See, we all know Jesus wasn't born on December 25th. Santa isn't really the Turkish St. Nicholas, he's a merry manifestation of Coca-Cola and a jolly face reflecting the pure wide-eyed greed of Western children. And that's okay! It's still a great time, with all those colorful twinkling lights and Nat King Cole and Linus Van Pelt on the telly. If you have kids, it's worth all those Target card migraines to see their eyes light up like those battery-heavy toys they'll soon break. If you don't, it's a gentle time to curl up with a hot cup of cocoa and watch Ralphie Parker angle for that Red Ryder carbine-action, two-hundred-shot Range Model air rifle all over again. We each have our own holiday traditions, and we revel in the joy of our comforting annual routine.

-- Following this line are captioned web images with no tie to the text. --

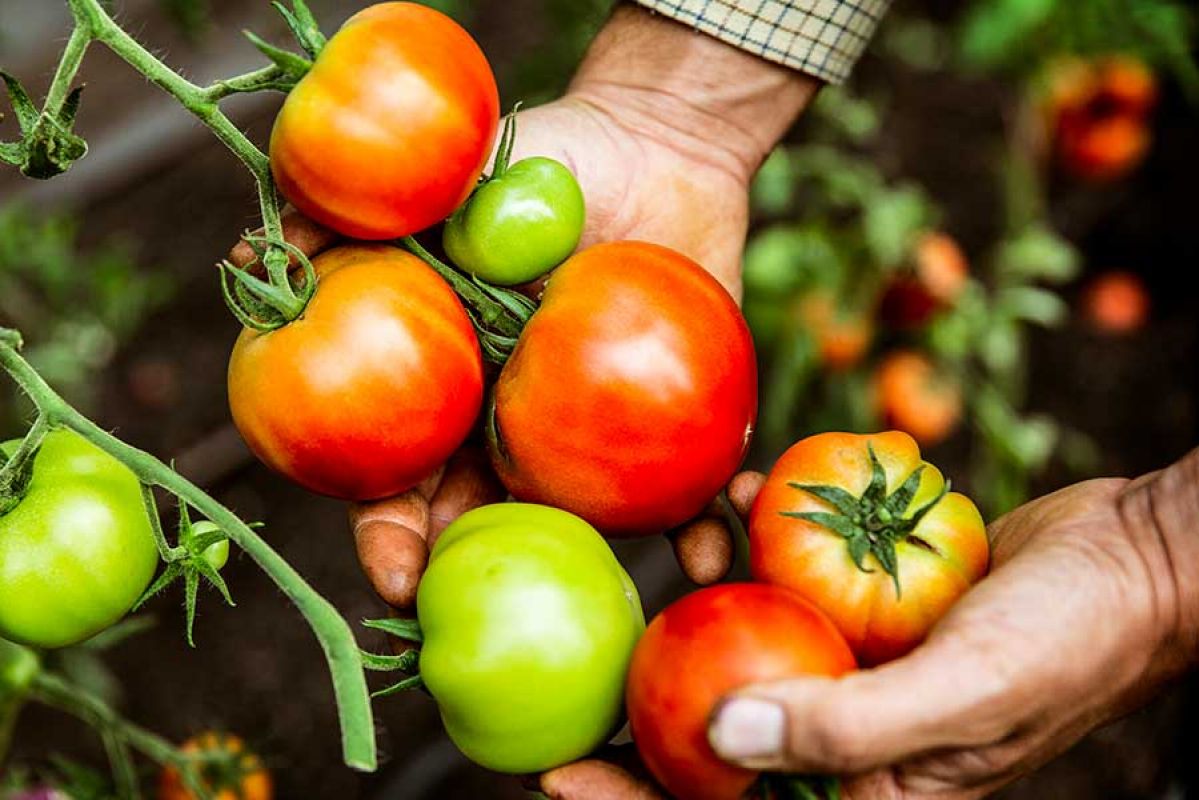 close up image of tomato roma vine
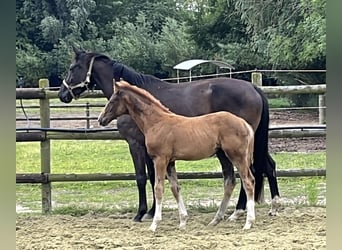 Hannoveraner, Hengst, 1 Jahr, Dunkelfuchs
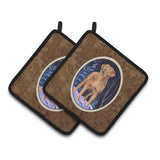 Caroline'S Treasures Ss8355Pthd Starry Night Chesapeake Bay Retriever Pot Holders (1 Pair), 7.5 X 7.5, Multicolor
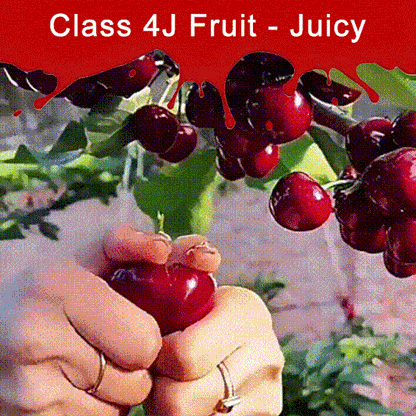 𝜗𝜚🍒ᝰ.ᐟStar your garden with premium Chilean Cherry Seeds for healthy growth and consistent yields 🌿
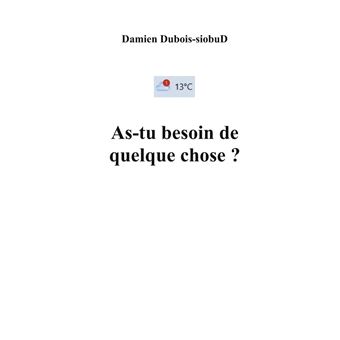 As-tu besoin de quelque chose ?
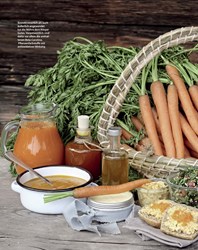 Titelbild der Ausgabe 4/2019 von Kraft der Karotte. Zeitschriften als Abo oder epaper bei United Kiosk online kaufen.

For me, of course, there's not much that's holy, per se, about the last week of December, yet I've always tried to make it a point of updating this blog on or just before Christmas Eve. I like to put my best foot forward in this entry, as one of my traditions is to remind you that for all my contentious contrarianism, I really do care about all you close ones as an actual, normal human being might do. This may be an agnostic blog, but I know what I know, and one of those facts is that ultimately, life and humanity are worth celebrating, especially in unison.

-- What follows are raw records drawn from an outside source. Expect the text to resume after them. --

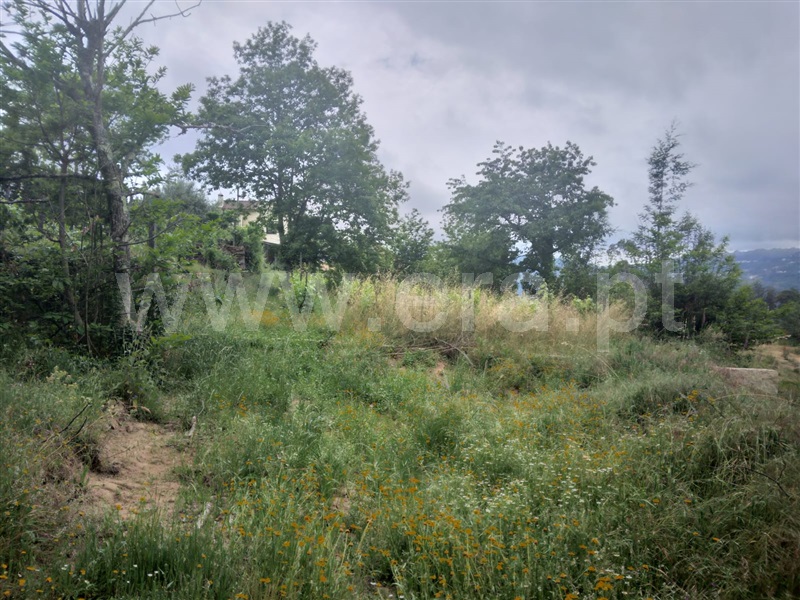 Terreno Urbano  Tondela, Campo de Besteiros - 1250318 - 4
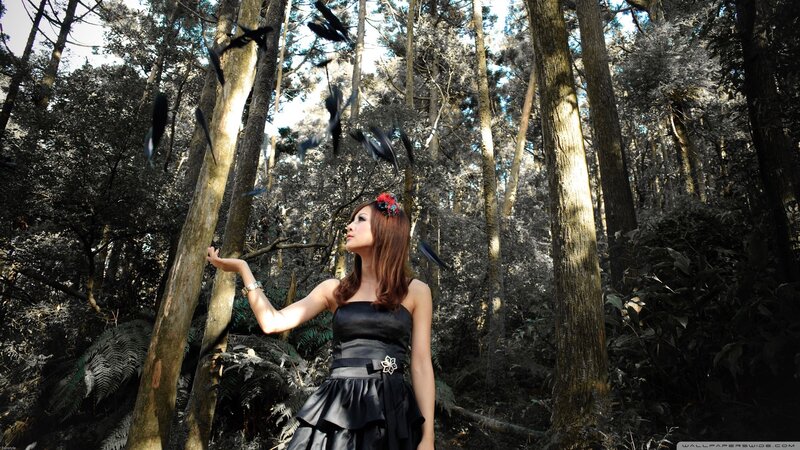 Woman in forest with falling feathers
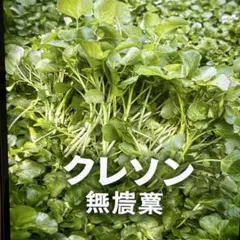 クレソン 7,5kg 岡山県 伏流水 新鮮 採れたて クレソン 350g 岡山県 伏流水 新鮮 採れたて - メルカリ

Christians like to talk about "the reason for the season." Well, listen, Jesus may be the reason for a whole lot of things, but he's not the reason for this particular season. Christians moved Christmas to late December in order to occupy territory once owned proudly by the winter solstice. That's the reason for this season, and it's a great one--not because the sun god holds any sway over us, but because the sun does. Every one of us is susceptible, at least to some degree, to seasonal affective disorder. As days get shorter, our moods darken, too. As we tear pages away from the calendar, we're reminded of all we've failed to accomplish. Some of us, it pains to me to say, had a lousy 2013. Some folks didn't make it to the end. But I'm not trying to bum anyone out; quite the opposite. Because we, Gentle Reader, you and me? We're still here. We hung on. The days are lengthening again, so now it's time to look ahead to all the possibilities inherent in a brand new year.
There's a great holiday song by Imogen Heap called "Just for Now," that exhorts us to "leave all our hopelessnesses aside, if just for a little while." And that's what these holidays mean to me. They're a time to celebrate survival and rejuvenation. If someone broke your heart this year, it will soon have happened last year, and from there it will fade in your memory. If your fortunes or health took a beating, those bruises will heal. As you sit around the tree, handing out gifts and enjoying favorite treats, know it's all about to change. That evergreen covered in lights doesn't represent our pie-in-the-sky dreams of a heavenly reward, nor even global peace among men (and women) of goodwill. It symbolizes survival in the face of freezing cold. Every apple-cheeked Christ child in a Bethlehem creche means our world is being born again even as we speak.
So shalom, my friends. We made it. Here comes the sun, and I say: it's all right.